The new normal is forcing organisations to revamp their unnecessary marketing business functions. Time and again, with the first signs of any crisis, marketing budgets are the first places to look for the thinning.
Are you committing any of these seven deadly sins? Repent, before your marketing function falls foul of budget cuts…
Sin 1: Telling the wrong story
Narration of a fact-checked, relevant and fantastic story enables marketers to enliven a great bond with the market. Copywriting is an essential human experience that strengthens minds.
Historically, storytelling has been the preferred medium used by humans to talk, share, educate and foster connections. To cite an example, think about Suburu’s ads which orchestrate ‘love’ through a well-woven storyline that invigorates a sense of caring for your loved ones, all through a car advert!
Excellent narration of your brand story acts as a powerful advocate for learning. As marketers, we should always strive to understand more about the realm that we thrive in, the people whom we are marketing to and the brands that we are representing. As humans, we learn through experiences, digest it with our perception and subsequently share these experiences through well-crafted stories. The narration also gives marketers an assortment of entry points into your brand. Some resources to learn the art of storytelling:
- Nancy Duarte: How to make a great impression
- Andrew Fitzgerald: Adventures in Twitter Fiction
- StoryCenter Blog: Listen First, Tell Later
- Brand Storytelling Lessons from the Content 2020 Project
- 7 Basic Types of Stories: And what you can learn from them
- Duarte: Slidedocs, Spread ideas Visually
- Seven Myths About Transmedia Storytelling Debunked
- Andrew Stanton: The Clues to a Great Story
- Find the Heart of Your Brand Storytelling with These 6 Questions
- Get Storied Manifesto: Building your story
Sin 2: Not being data-driven
With plummeting marketing budgets and value-driven focus increasing, marketers need to leverage the extensive data banks which are available through their campaigns. Data-driven insights from these campaigns help marketers to understand better the customers they are serving, their brand value, reach and impression in their target market.
Furthermore, data-driven decision making is imperative when it comes to changing the course of your actions, find gaps in the messaging and fix it all in real-time with minimal disruptions to the campaign performance.
Sin 3: Ill-defined designs
The secret sauce driving every lucrative marketing campaign is design. Design for a marketer intends to effectively communicate and fortify your organisation’s branding with the core messaging of the campaign in tandem.

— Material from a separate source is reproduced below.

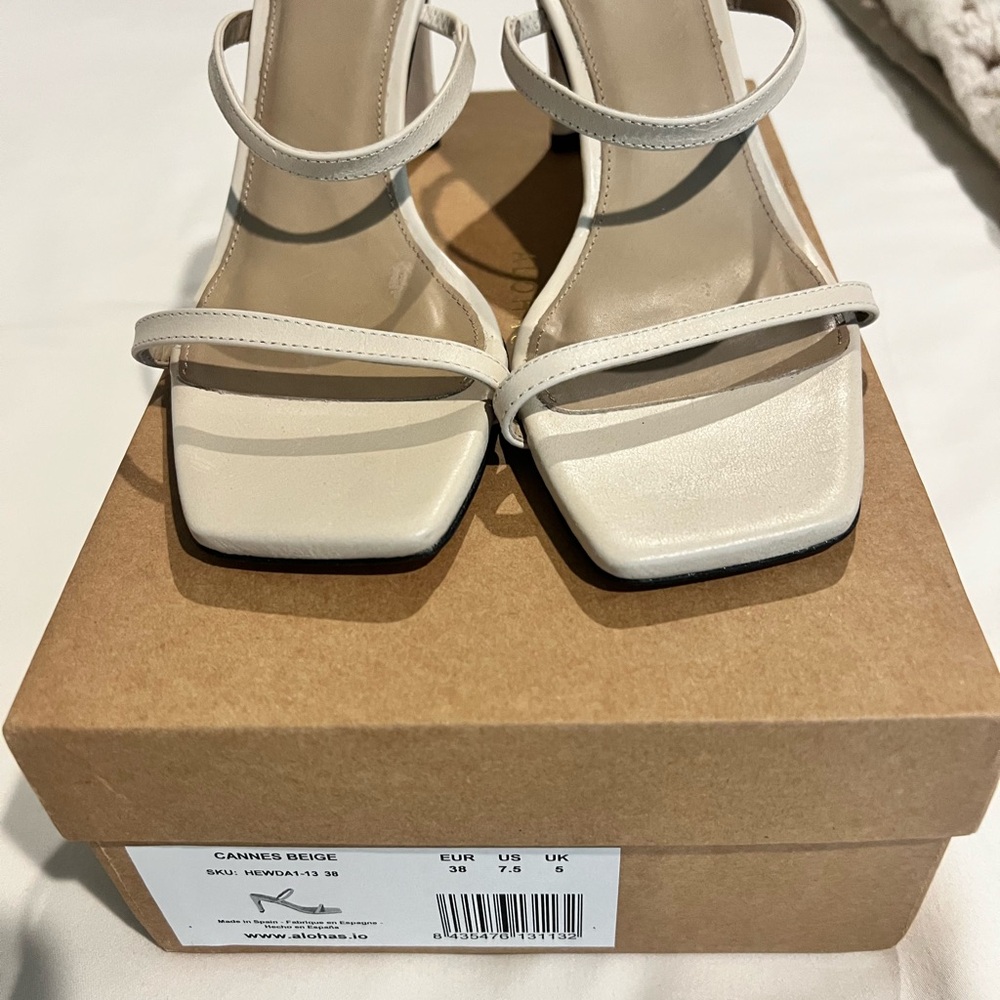 ALOHAS Cream Heels with Double Straps and Square Toe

Every single speck of marketing material shipped out to the end-user speaks volumes about your enterprise’s brand story. If marketing is considered as a ship, designs are the one sailing your boat. To get this done, design entices your customers to:
- Be told a unique story
- Fortify the core messaging of the campaign
- Increase integrity
- Makes the brand messaging easily understandable
A core design principle is to make sure that the entire message appeals to the eye of the end-user. Put yourself in the shoes of whom you are designing it for. The design needs to take into account the age, responsiveness, factor of appeal and the end goal which your campaign wants to achieve. There are many ways to unlock your creativity and add fuel to your design-centric marketing fire, a few of which are listed down below:
Sin 4: Being analog in a world of technology
To stay relevant in a hyper-connected world; understanding, organising and measuring are imperative for every campaign. From the automation of redundant processes, understanding customer touch-points to collaborating with your product teams, technology has engulfed every single sphere of a marketer’s life.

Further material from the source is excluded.